评估模型

img

一个例子

数据准备

X = (a = rand(12), b = rand(12), c = rand(12))
y = X.a .+ 2 .* X.b + 0.05 .* rand(12)

模型训练

model = @load RidgeRegressor pkg=MultivariateStats

「评估」单个measure

rng = StableRNG(1234)
cv = CV(nfolds = 3, shuffle = true) # 重采样策略
evaluate(model, X, y, resampling = cv, measure = l2)

# 也可以这样, 下面也是
mach = machine(model, X, y)
evaluate!(mach, resampling = cv, measure = l2)

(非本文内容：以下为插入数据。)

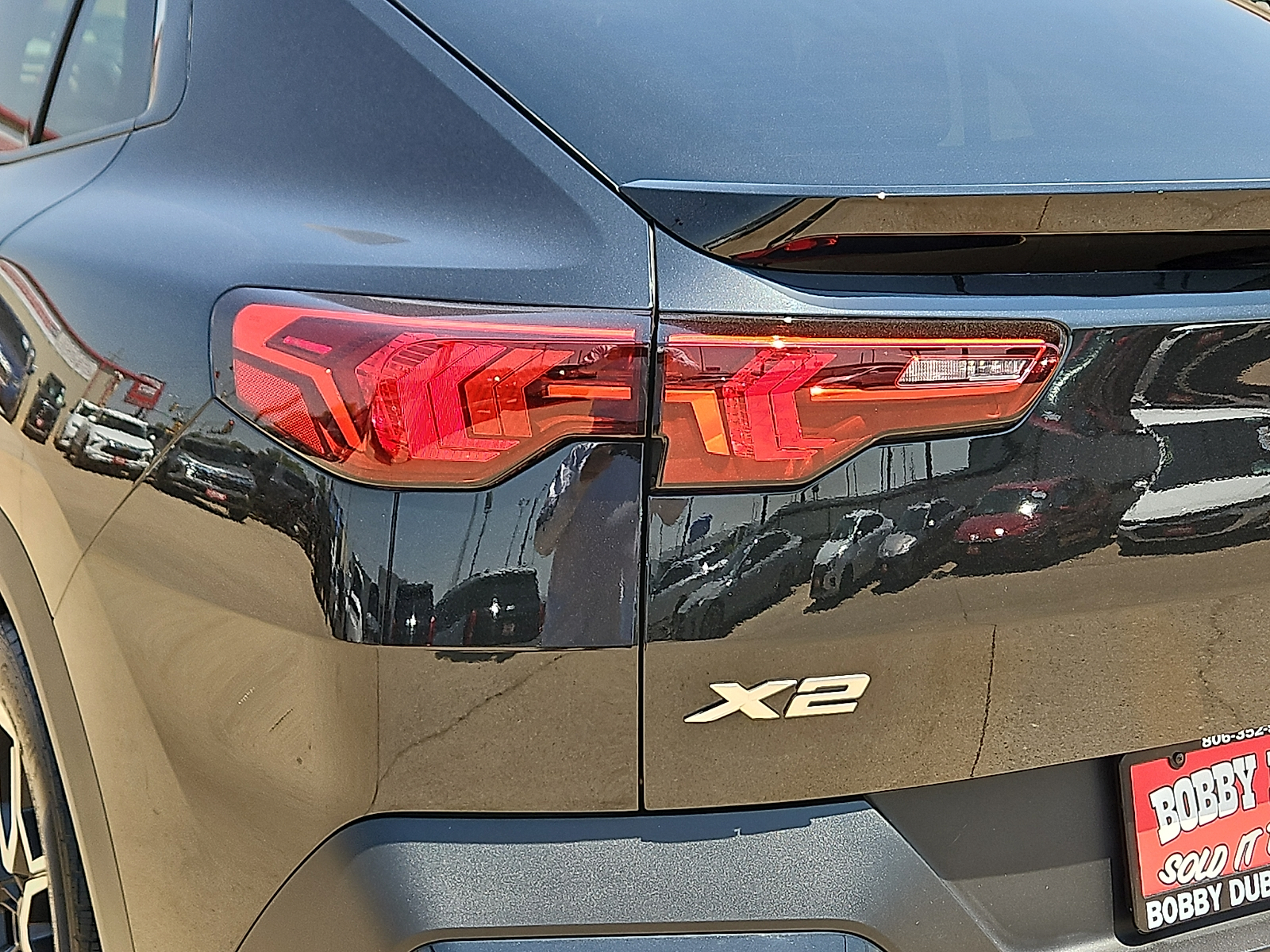 2026 BMW X2 xDrive28i - 6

_.measure_.measurement_.per_fold
l20.164[0.105, 0.23, 0.158]

_.per_observation = [[[0.288, 0.128, ..., 0.186], [0.136, 0.534, ..., 0.348], [0.435, 0.0345, ..., 0.298]], missing, missing]

「评估」多个measure

evaluate(model, X, y, resampling = cv, measure = [l1, rms, rmslp1])

_.measure_.measurement_.per_fold
l10.35[0.505, 0.319, 0.226]
rms0.424[0.51, 0.454, 0.273]
rmslp10.197[0.193, 0.256, 0.116]

_.per_observation = [[[0.61, 0.514, ..., 0.414], [0.00912, 0.486, ..., 0.0136], [0.139, 0.144, ..., 0.491]], missing, missing]

来看看文档是怎么解释这些参数的

  • measure: the vector of specified measures

  • measurements: the corresponding measurements, aggregated across the test folds using the aggregation method defined for each measure (do aggregation(measure) to inspect)

  • per_fold: a vector of vectors of individual test fold evaluations (one vector per measure)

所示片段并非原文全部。